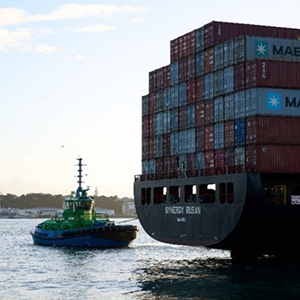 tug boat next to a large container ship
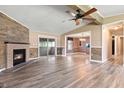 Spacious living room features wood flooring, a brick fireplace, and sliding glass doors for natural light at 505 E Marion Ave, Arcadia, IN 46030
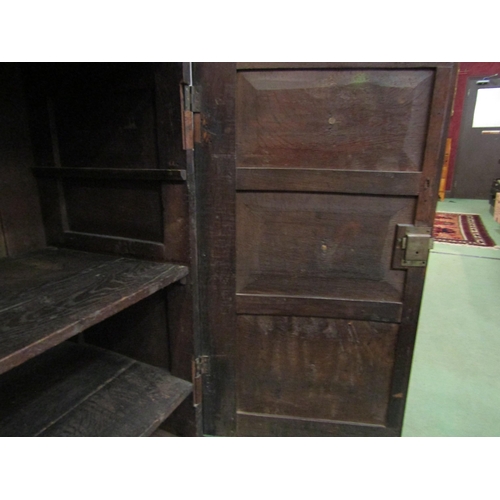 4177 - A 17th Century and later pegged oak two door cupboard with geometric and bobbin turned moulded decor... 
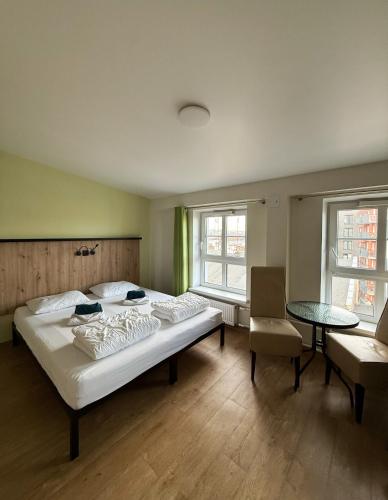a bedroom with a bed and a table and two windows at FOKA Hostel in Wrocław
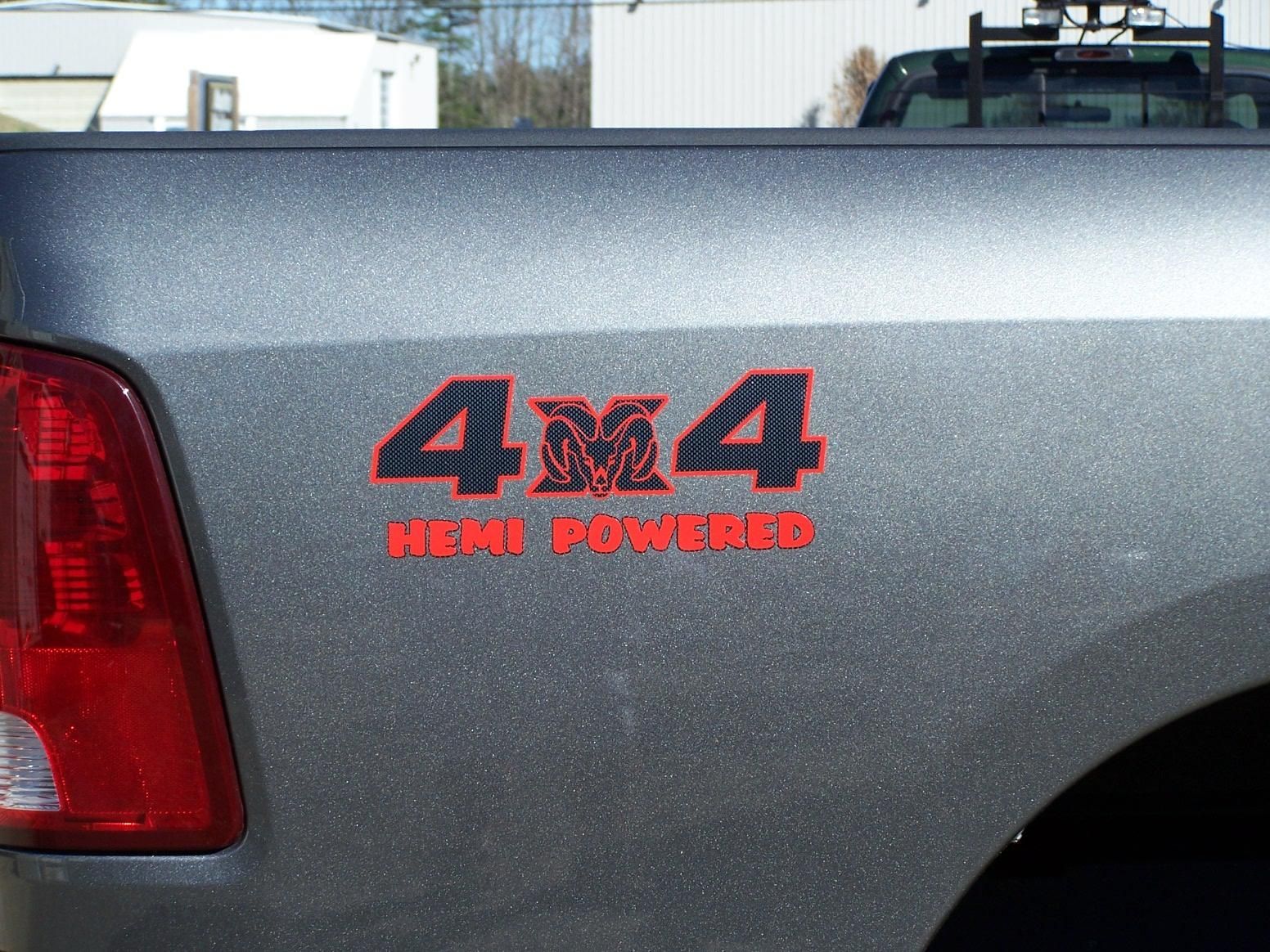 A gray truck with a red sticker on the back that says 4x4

# # # # # # #

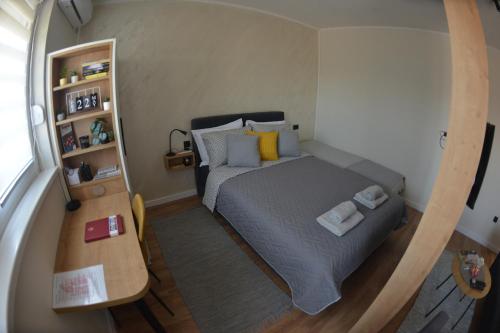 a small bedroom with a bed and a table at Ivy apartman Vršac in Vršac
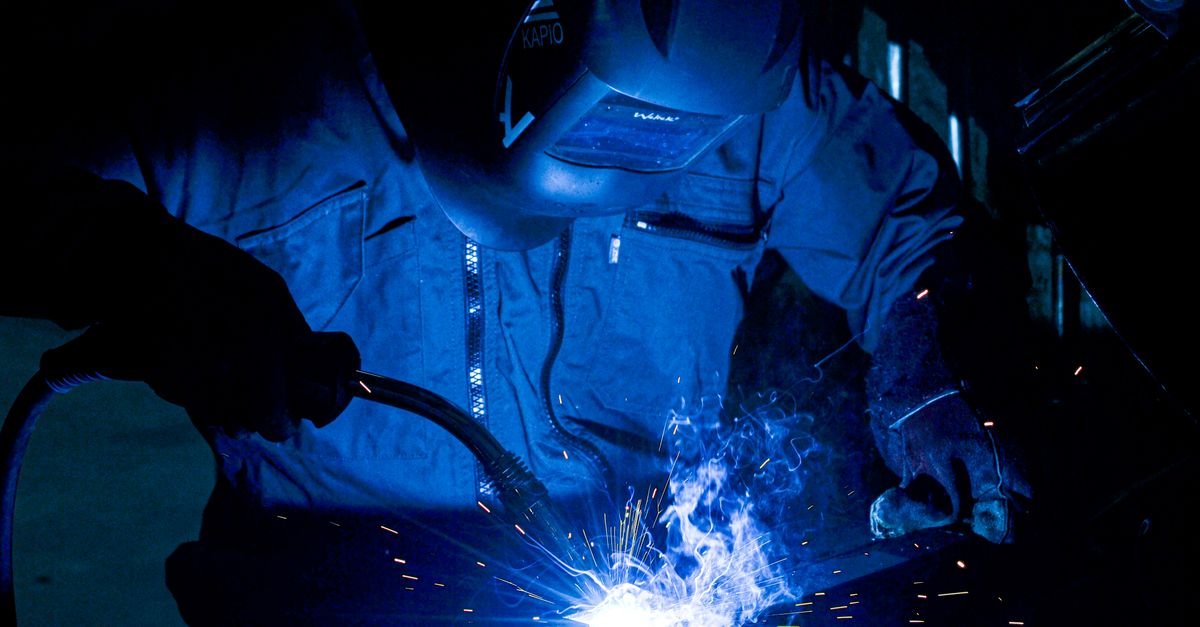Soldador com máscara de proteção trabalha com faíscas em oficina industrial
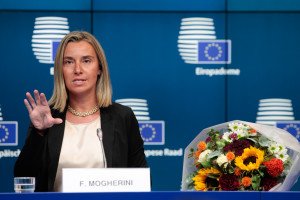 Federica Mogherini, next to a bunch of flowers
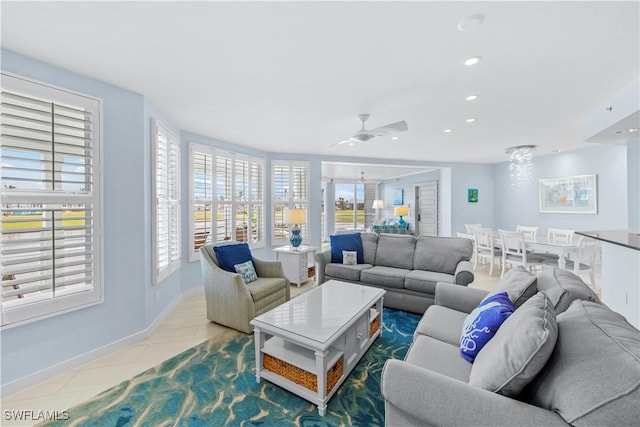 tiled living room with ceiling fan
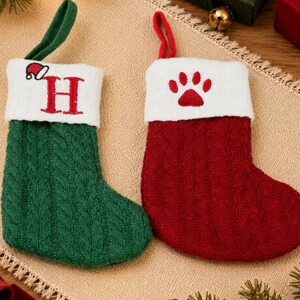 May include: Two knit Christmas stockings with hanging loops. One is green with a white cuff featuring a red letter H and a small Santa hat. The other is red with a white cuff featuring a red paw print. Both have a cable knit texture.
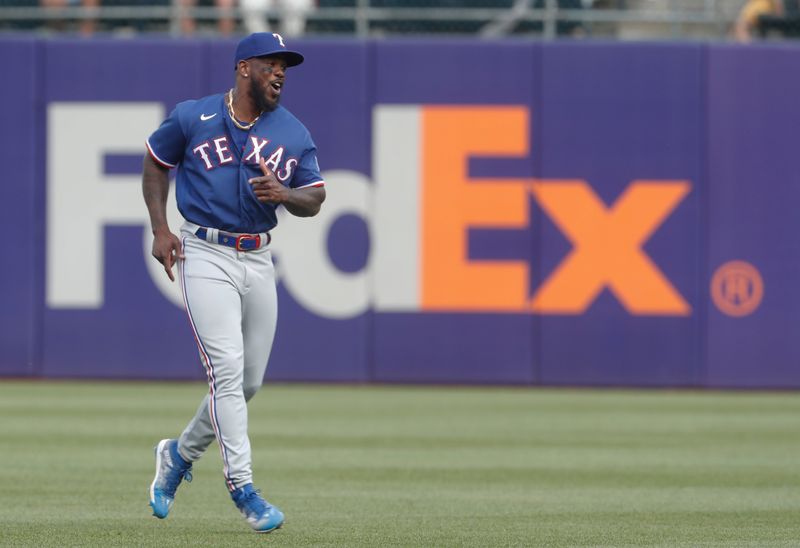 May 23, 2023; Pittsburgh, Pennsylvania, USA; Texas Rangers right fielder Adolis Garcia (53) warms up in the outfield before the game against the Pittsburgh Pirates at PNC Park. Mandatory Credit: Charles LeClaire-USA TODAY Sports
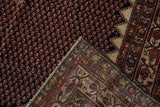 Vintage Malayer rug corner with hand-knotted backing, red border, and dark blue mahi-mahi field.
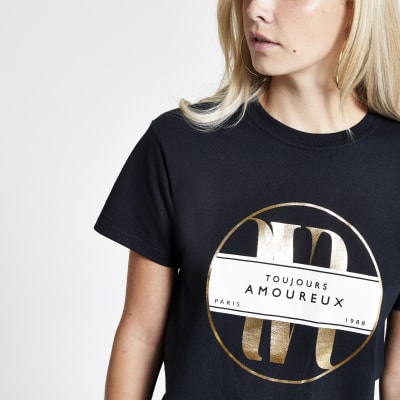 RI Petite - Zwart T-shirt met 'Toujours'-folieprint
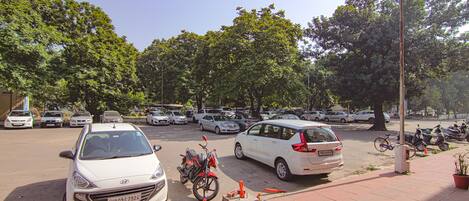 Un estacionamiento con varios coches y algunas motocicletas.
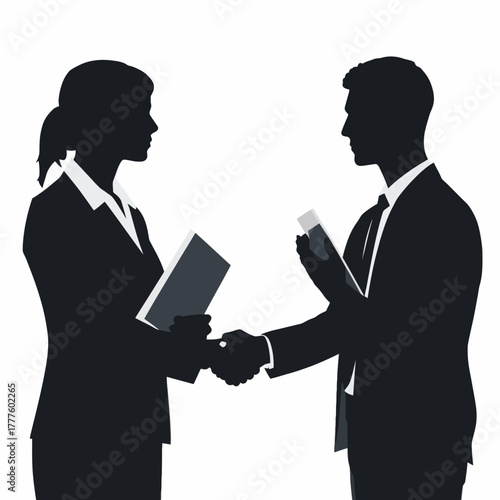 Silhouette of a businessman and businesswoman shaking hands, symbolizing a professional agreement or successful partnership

# # # # # # #

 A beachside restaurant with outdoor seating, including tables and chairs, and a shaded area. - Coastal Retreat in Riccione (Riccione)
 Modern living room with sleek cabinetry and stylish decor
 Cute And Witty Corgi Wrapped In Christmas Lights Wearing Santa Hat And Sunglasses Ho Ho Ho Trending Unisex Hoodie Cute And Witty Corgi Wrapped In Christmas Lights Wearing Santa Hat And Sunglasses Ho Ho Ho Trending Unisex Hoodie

# # # # # # #

TASK PROMPT
Look above for the line with "Federica Mogherini, next" and the line with "Silhouette of a", then copy them and all lines in between exactly as written, and only those, without any pictures.

TASK RESPONSE
 Federica Mogherini, next to a bunch of flowers
 tiled living room with ceiling fan
 May include: Two knit Christmas stockings with hanging loops. One is green with a white cuff featuring a red letter H and a small Santa hat. The other is red with a white cuff featuring a red paw print. Both have a cable knit texture.
 May 23, 2023; Pittsburgh, Pennsylvania, USA; Texas Rangers right fielder Adolis Garcia (53) warms up in the outfield before the game against the Pittsburgh Pirates at PNC Park. Mandatory Credit: Charles LeClaire-USA TODAY Sports
 Vintage Malayer rug corner with hand-knotted backing, red border, and dark blue mahi-mahi field.
 RI Petite - Zwart T-shirt met 'Toujours'-folieprint
 Un estacionamiento con varios coches y algunas motocicletas.
 Silhouette of a businessman and businesswoman shaking hands, symbolizing a professional agreement or successful partnership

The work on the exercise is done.